5. Open-Pit Diamond Mines Pose Environmental Threats
Diamond mines are open pits where salts, heavy minerals, organisms, oil, and chemicals from mining equipment freely leach into ground-water, endangering people in nearby mining camps and villages, as well as downstream plants and animals.

6. Diamond Mine-Owners Violate Indigenous People’s Rights
Diamond mines in Australia, Canada, India and many countries in Africa are situated on lands traditionally associated with indigenous peoples. Many of these communities have been displaced, while others remain, often at great cost to their health, livelihoods and traditional cultures.

7. Slave Laborers Cut and Polish Diamonds
More than one-half of the world’s diamonds are processed in India where many of the cutters and polishers are bonded child laborers. Bonded children work to pay off the debts of their relatives, often unsuccessfully. When they reach adulthood their debt is passed on to their younger siblings or to their own children.

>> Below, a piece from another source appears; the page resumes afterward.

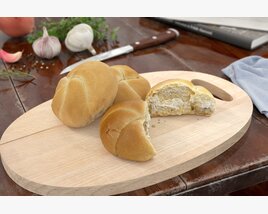Freshly Baked Bread on Cutting Board Modello 3D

8. Conflict Diamonds Fund Civil Wars in Africa
There is no reliable way to insure that your diamond was not mined or stolen by government or rebel military forces in order to finance civil conflict. Conflict diamonds are traded either for guns or for cash to pay and feed soldiers.

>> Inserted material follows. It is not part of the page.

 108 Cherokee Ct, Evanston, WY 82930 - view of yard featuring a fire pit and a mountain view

9. Diamond Wars are Fought Using Child Warriors
Many diamond producing governments and rebel forces use children as soldiers, laborers in military camps, and sex slaves. Child soldiers are given drugs to overcome their fear and reluctance to participate in atrocities.

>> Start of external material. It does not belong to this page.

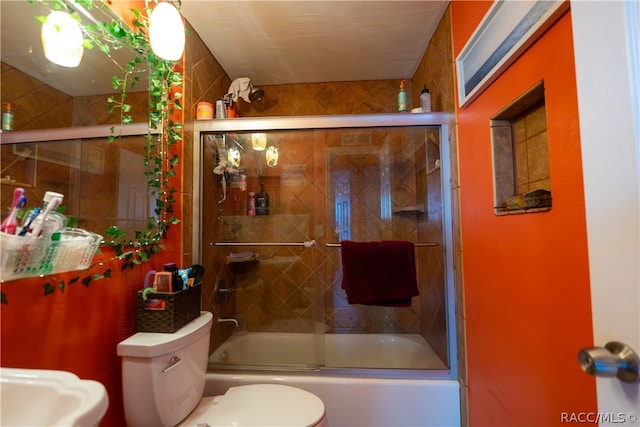 bathroom with shower / bath combination with glass door and toilet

10. Small Arms Trade is Intimately Related to Diamond Smuggling
Illicit diamonds inflame the clandestine trade of small arms. There are 500 million small arms in the world today which are used to kill 500,000 people annually, the vast majority of whom are non-combatants.

I’m not one to panic after reading such stuff. I can be really skeptical when I need to be and this article set the alarms off almost immediately. It’s the way the statements are phrased. Very accusatory, very sweeping.

Soph asked me if it was true… And I said it probably is. But even so, it couldn’t be greater a tragedy than the many other scandals that the consumerist economy has churned out over the years… Like the Nike Sweatshops for instance…

Anyway, I decided to do a quick background check on the author. She’s from CPE, the Centre for Popular Economics, “a non-profit organization that teaches economic literacy to activists for progressive social change. CPE creates and communicates economic theories that challenge systems of oppression based on class, race, gender and nation.” (Got it from their website)

Non profit organizations are well known for digging up obscure facts and blowing them up for their causes. The facts may or may not be proven accurate. I’m not here to discredit them. Most of them do a lot of commendable work. All I’m saying is, they all have their own agendas, and the facts will be biased to some extent.

On the other hand, there must be a ring of truth to it. (Pun fully intended) A lot of factories in the third world countries employ child labour because they are cheaper than adults. And the working conditions leave much to be desired. The garment factories in Bangladesh were always closed to outsiders, possibly to hide the fact that they illegally employ children. The situation with the diamond industry would not differ that much.

Conclusion:

Diamonds may not be such a good thing to buy… Even for a proposal… There’s too much dirt hidden behind all that shine and radiance… One can always get other equally effective alternatives like, the dream car, the expresso machine, the camera equipment, etc etc.

Although, I’m a real sucker for good advertising… It can’t hurt to just own 1 diamond ring right??

2 Responses to “How to: Propose to a cool geekette (like me)”

  1. soph says:

    could i have like at least like one set of jewelry.
    haah.
    diamond earrings, necklace, ring, bracelet.

    at least one set.
    before i say.. yes i support the cause, we should boycott buying diamonds.

    heh.

  2. TBP says:

    you are so much worserer than me soph…haha!